I remember spending countless evenings sitting in awe beside her vanity, watching as she prepped herself for a night out with my father. My mother was a traditionalist in many ways, but in many ways not.
She was a homemaker, and her role as a wife was first-and-foremost in her life. She frequently accompanied my father on his business travels when my siblings and I were children in Taiwan.
I respected her traditionalism, but I also admired her for being a woman who held her own. Her strong presence and demeanor set the stage for my own personality to develop.
Growing up, especially during my adolescence years, I had less-than-ideal relationships with girls my age. I was either too bossy, too analytical, or simply the odd one out.
I desperately wanted to fit in and be part of the “cool” girls’ crowd. But, I was painfully shy, and instead, resorted to retreating and withdrawing from the group of girls I envied.
I was, however, thankful for the one or two close friendships I made at that time.
Knowing what I know now, I get it. I now see that all I had to do was be myself, but at that age, under the influence of critical peers, I was reluctant and scared.
Fast-forward a few years. In university, I let my hair down a little and mistook my sudden, newfound openness for my true, authentic personality.
Was I ever wrong!
During this challenging phase of my life, I connected with many people, and allowed myself to be more expressive away from the confinements of my strict home.

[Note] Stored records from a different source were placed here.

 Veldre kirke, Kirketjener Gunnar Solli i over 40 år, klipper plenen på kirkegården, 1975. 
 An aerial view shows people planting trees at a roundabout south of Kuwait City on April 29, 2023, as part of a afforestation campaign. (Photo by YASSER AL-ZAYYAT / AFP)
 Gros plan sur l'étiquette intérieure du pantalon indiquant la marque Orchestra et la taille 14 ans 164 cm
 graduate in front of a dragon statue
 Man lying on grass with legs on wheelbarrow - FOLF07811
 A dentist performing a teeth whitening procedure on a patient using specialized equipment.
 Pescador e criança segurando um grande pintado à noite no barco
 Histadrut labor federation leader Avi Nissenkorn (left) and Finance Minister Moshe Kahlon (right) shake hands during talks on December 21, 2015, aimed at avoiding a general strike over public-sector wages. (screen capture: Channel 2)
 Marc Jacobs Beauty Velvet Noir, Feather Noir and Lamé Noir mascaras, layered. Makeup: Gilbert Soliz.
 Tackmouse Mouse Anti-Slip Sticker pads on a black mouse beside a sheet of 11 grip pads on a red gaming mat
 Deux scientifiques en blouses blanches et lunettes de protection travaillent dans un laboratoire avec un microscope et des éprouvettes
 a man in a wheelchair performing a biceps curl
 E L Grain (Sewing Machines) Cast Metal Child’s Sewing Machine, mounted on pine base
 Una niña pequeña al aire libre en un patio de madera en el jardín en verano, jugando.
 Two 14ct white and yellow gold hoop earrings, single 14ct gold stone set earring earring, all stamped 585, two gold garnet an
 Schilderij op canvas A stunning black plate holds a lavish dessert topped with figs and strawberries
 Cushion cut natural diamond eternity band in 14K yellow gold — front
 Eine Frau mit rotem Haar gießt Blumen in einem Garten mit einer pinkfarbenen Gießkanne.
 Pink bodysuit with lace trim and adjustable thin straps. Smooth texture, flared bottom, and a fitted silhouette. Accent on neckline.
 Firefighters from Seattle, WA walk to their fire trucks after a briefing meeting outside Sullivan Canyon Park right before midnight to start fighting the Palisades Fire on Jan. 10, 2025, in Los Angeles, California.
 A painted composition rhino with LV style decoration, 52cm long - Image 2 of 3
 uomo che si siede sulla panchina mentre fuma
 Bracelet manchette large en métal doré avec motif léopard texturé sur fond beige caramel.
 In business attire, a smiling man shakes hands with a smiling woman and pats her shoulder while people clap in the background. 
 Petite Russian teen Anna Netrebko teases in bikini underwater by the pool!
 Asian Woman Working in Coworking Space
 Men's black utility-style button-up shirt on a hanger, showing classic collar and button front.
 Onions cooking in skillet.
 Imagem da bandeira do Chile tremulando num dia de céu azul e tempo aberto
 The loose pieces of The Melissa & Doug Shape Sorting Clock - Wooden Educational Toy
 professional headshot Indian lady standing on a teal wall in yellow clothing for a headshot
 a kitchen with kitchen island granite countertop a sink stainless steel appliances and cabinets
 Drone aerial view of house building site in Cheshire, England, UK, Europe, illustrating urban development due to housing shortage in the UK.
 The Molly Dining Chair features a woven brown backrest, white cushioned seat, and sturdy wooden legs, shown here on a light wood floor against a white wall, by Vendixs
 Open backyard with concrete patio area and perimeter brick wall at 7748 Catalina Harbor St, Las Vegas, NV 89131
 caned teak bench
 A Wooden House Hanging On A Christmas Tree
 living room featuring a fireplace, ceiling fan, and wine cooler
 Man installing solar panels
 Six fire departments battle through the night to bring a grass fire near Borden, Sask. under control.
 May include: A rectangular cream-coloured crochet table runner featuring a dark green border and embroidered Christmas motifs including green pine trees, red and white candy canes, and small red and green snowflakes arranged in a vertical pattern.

I presented myself as a carefree girl, but I really was not. I think my desire to start fresh and to launch a new me took on a life of its own.
In retrospect, I learned valuable lessons along the way:
- I learned that women are quick to sacrifice their needs for others. However, to create room, to grow, and to help others, I need to look after myself first.
- I learned that trying to escape my troubles and worries through drinking, partying, and numbing my pain doesn’t get me anywhere except into more trouble. To get past the pain, I must allow myself to feel it so I can conquer it and move past it.
- I learned there’s no shame in asking for help. It took me years to realize that; once I did, I never looked back.
- Finally, I learned, I need my support system during difficult times. There’s nothing like the feeling of picking up the phone and hashing out the crap with my sister, mother, or best friend.
The female friendships I made in university weren’t as strong as the ones I have now. This surprises me, as I was enrolled in a program that was heavily dominated by women.
You would expect female bonding to happen often in that environment, but for me, it did not. I shared nothing more than drinking, partying, boy troubles, and the stress that comes with course loads with my girlfriends.
In retrospect, I realize I was never really present with them. I did not know who I was or where I wanted to go. I was too excited to live in the moment, and did not make time for myself or for the women in my life.
And yes, I admit I was too busy catering to my boyfriend and the men in my life.
Now I see bonding with women can be a rich, fulfilling addition to women’s lives.
But, to build such strong relationships, we must take time to build relationships with ourselves.
Do you have strong relationships with women? Do your honor your need to be a member of a sisterhood?